Exercise description
The reply should match the listing below character for character, except that no image is carried over.

Information provided
- Opening Delimiter -

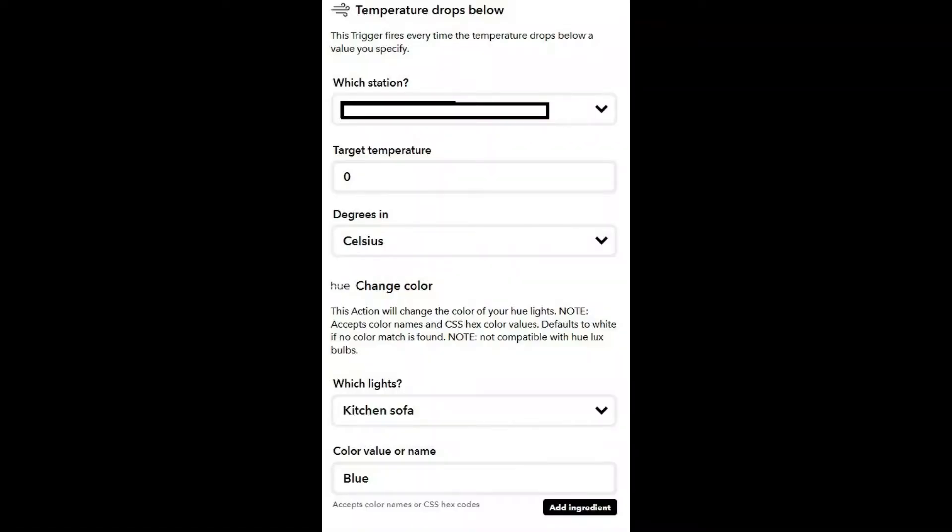Applet number two also uses the Netatmo, but this time the outdoor module. When the station in our garden reaches zero degrees Celsius — i.e. it's freezing outside — it tells one of the Hue bulbs to change colour. In this instance it's the kitchen sofa light, which is almost like our notification light, and it changes it blue to remind me it's cold outside and I probably need to cover up the car or vegetables. It's worth noting these things down somewhere — a couple of times I've seen it go blue and entirely forgotten why, only to check IFTTT and find out it's freezing outside.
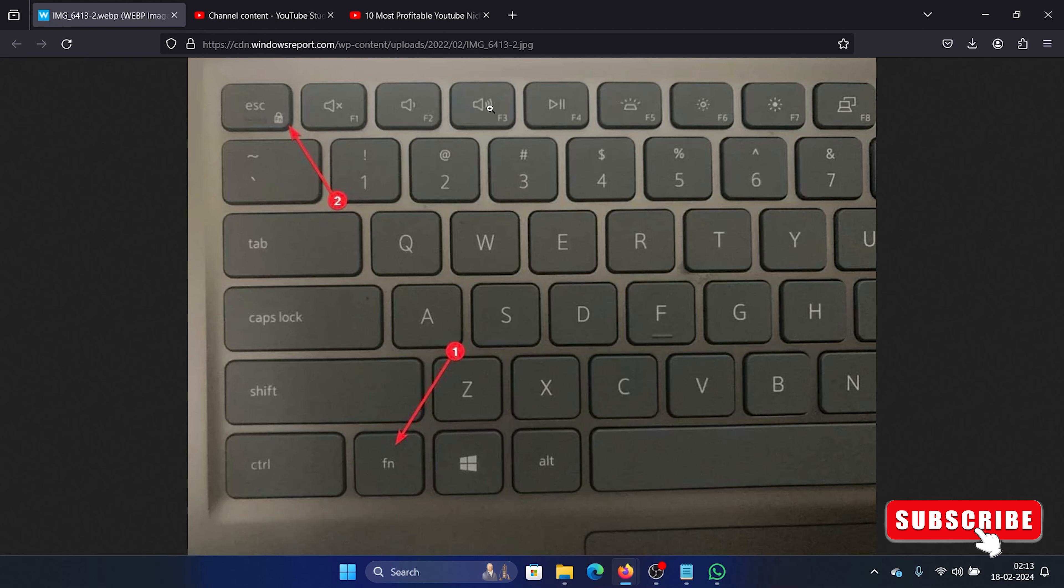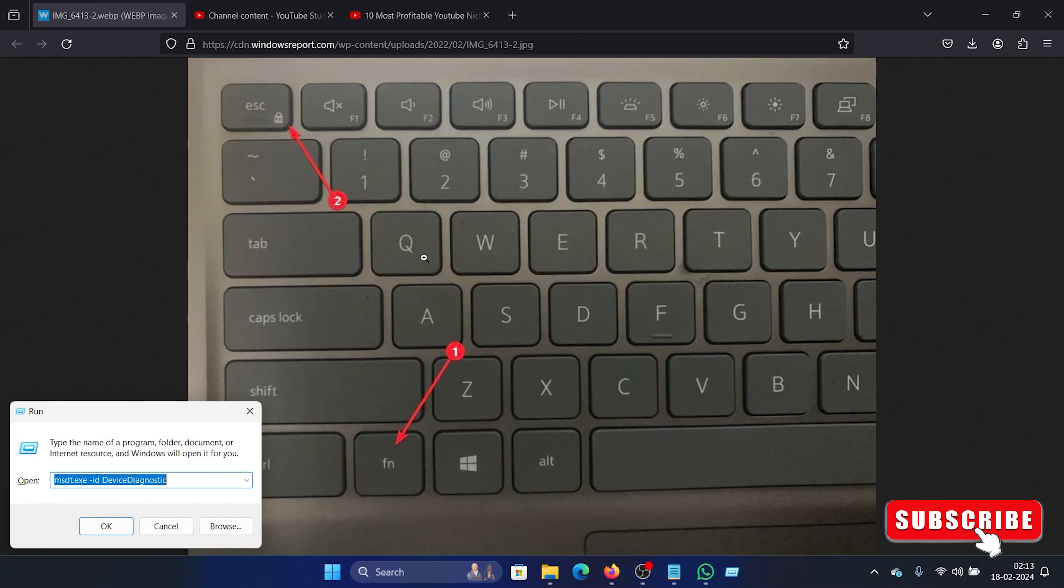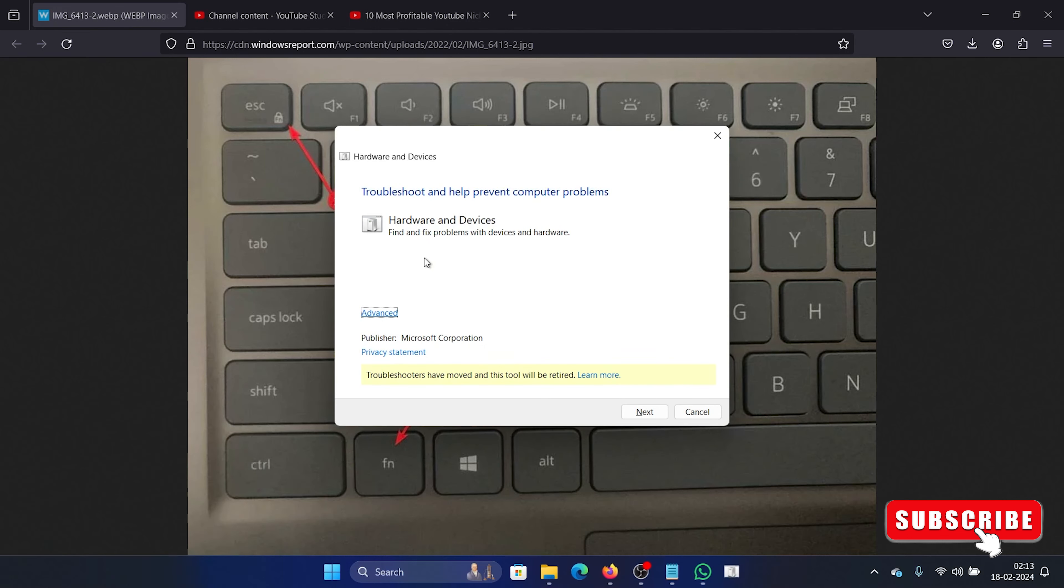The second solution is to run the hardware and devices troubleshooter. So press the Windows key and the R button together to open the Run window. Type this command here, I will mention it in the description section of this video, and hit enter. This will open the hardware and devices troubleshooter.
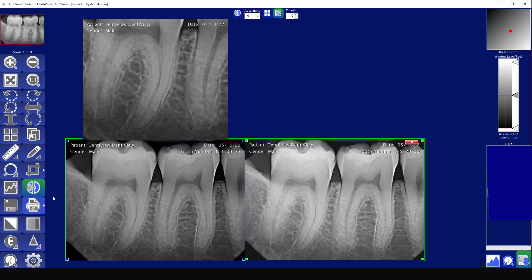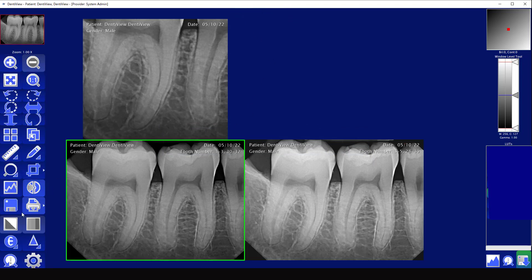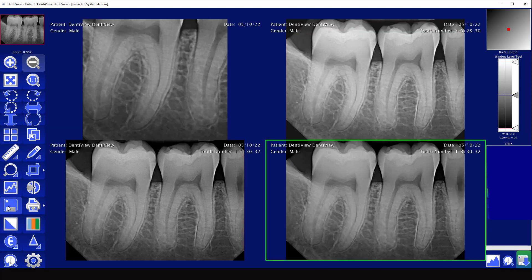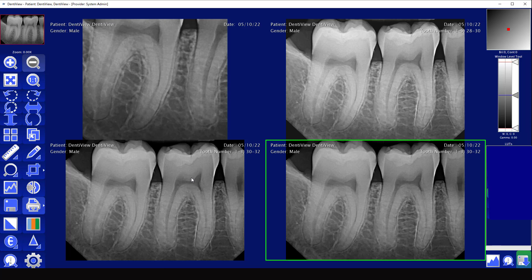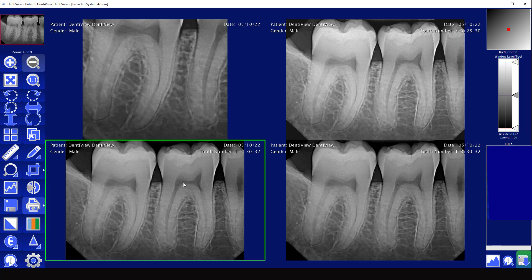The next one is to save an image. If you select one of your images and hit the save icon, it's going to duplicate the image and then save it. That way you have your original and then another one that you can go and mark up with annotations or measurements while still keeping your good-looking x-ray.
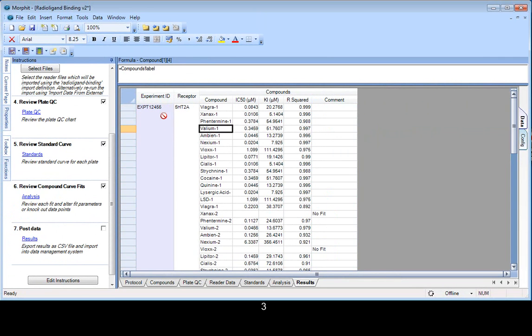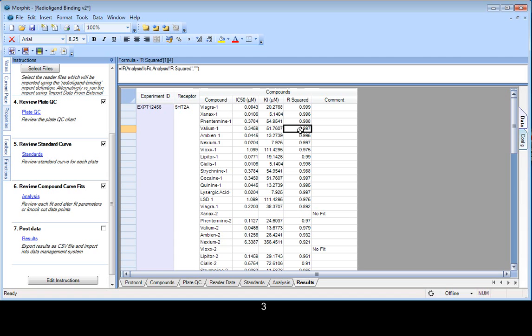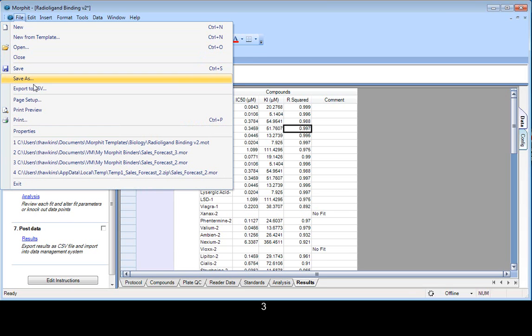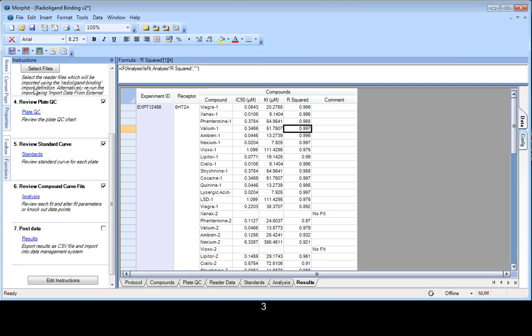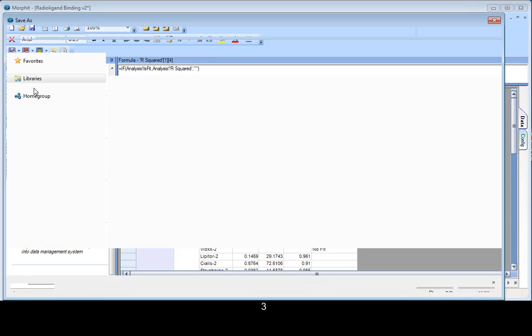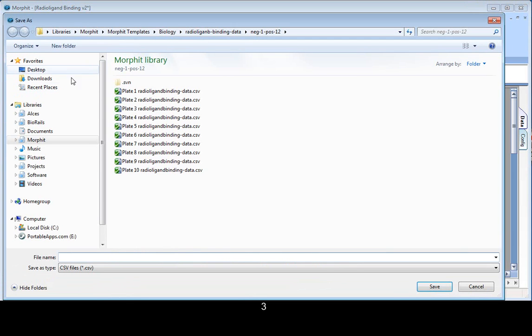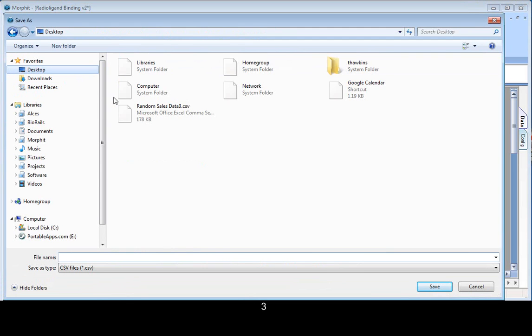Now, this has got a nice, simple structure to it. You see, for each experiment, there's a whole collection of compounds with a set of properties. But usually, what we need to do is extract this and export this into something much flatter. So we can do that in a simple click as Export to CSV. Pop this on the desktop.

- Closing Delimiter -

Solution to this task
Applet number two also uses the Netatmo, but this time the outdoor module. When the station in our garden reaches zero degrees Celsius — i.e. it's freezing outside — it tells one of the Hue bulbs to change colour. In this instance it's the kitchen sofa light, which is almost like our notification light, and it changes it blue to remind me it's cold outside and I probably need to cover up the car or vegetables. It's worth noting these things down somewhere — a couple of times I've seen it go blue and entirely forgotten why, only to check IFTTT and find out it's freezing outside.
The second solution is to run the hardware and devices troubleshooter. So press the Windows key and the R button together to open the Run window. Type this command here, I will mention it in the description section of this video, and hit enter. This will open the hardware and devices troubleshooter.
The next one is to save an image. If you select one of your images and hit the save icon, it's going to duplicate the image and then save it. That way you have your original and then another one that you can go and mark up with annotations or measurements while still keeping your good-looking x-ray.
Now, this has got a nice, simple structure to it. You see, for each experiment, there's a whole collection of compounds with a set of properties. But usually, what we need to do is extract this and export this into something much flatter. So we can do that in a simple click as Export to CSV. Pop this on the desktop.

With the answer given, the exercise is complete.